The code will be very simple. We will pass the ticker of any company of our interest and the outcome will be an amazing short summary of the earnings call.

Photo by Karolina Grabowska on Pexels.com

Why to Analyse Company Earning Calls

Company earning calls is one of the main sources of information to understand how businesses are doing and what are expectations for next quarters.

Company earning calls are publicly available. Normally, we can visit the website of the company and dial in to the call to hear what management has to say. Earnings call are normally scheduled the same day that company earnings are publicly released. The structure of the call is simple, management gives an overview of the last quarter operations and future guidance. In addition, journalists are able to ask questions about the business to the top management.

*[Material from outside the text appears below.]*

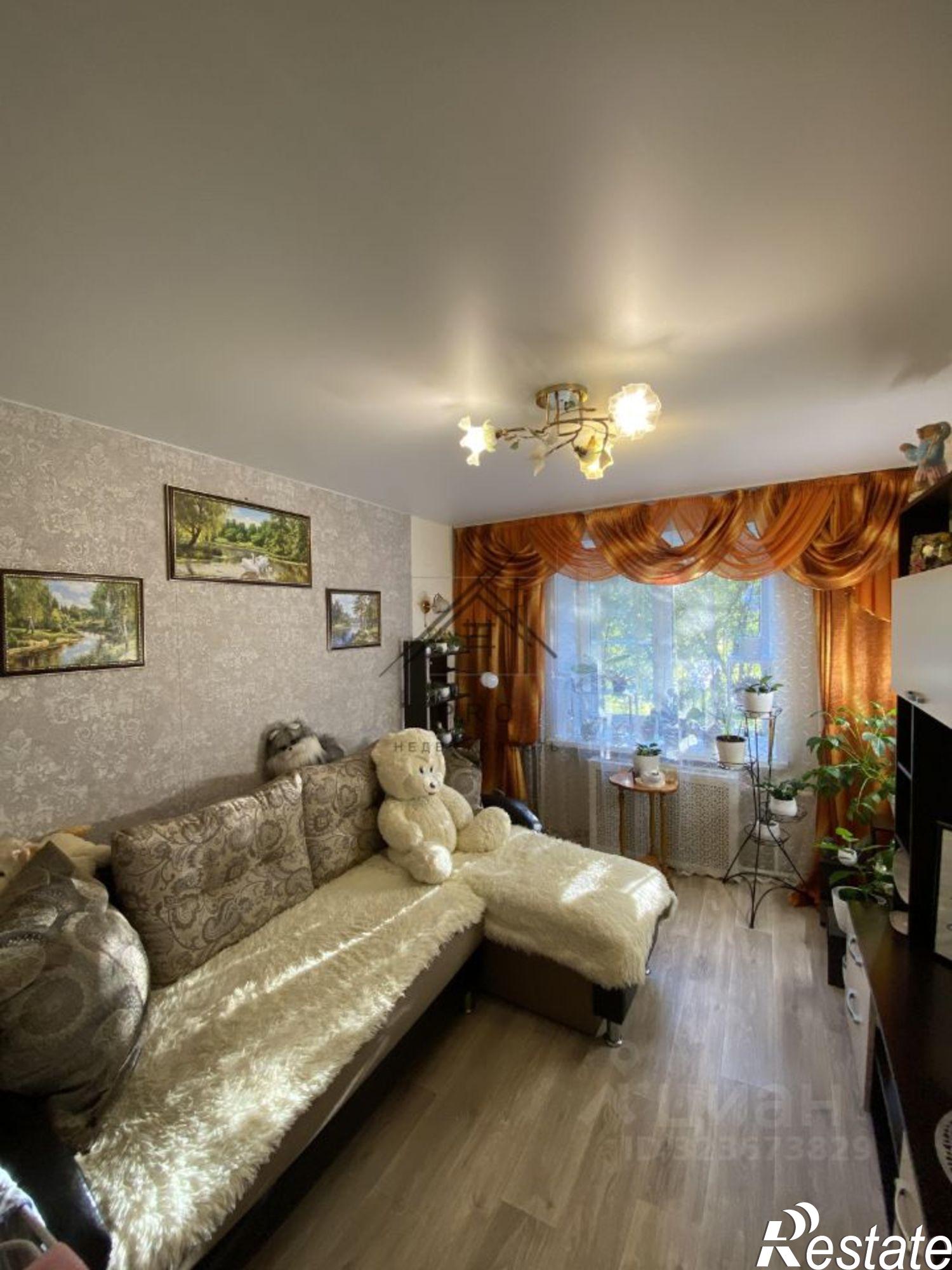 Купить квартиру за 4 800 000 рублей на Керамическая улица, 5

They are quite insightful to listen to. However, it may be time consuming to go through the whole call, especially, if we are interested in multiple companies.

Therefore, what we will do in this post is to automate the analysis of company earning calls using Python.

How can Python help to Analyse Company Earning Calls?

With Python, we are not only able to perform quantitative analysis as we learnt in my previous posts. Among other things, we can, for example, use natural language processing in order to analyse linguistic structure or perform sentiment analysis.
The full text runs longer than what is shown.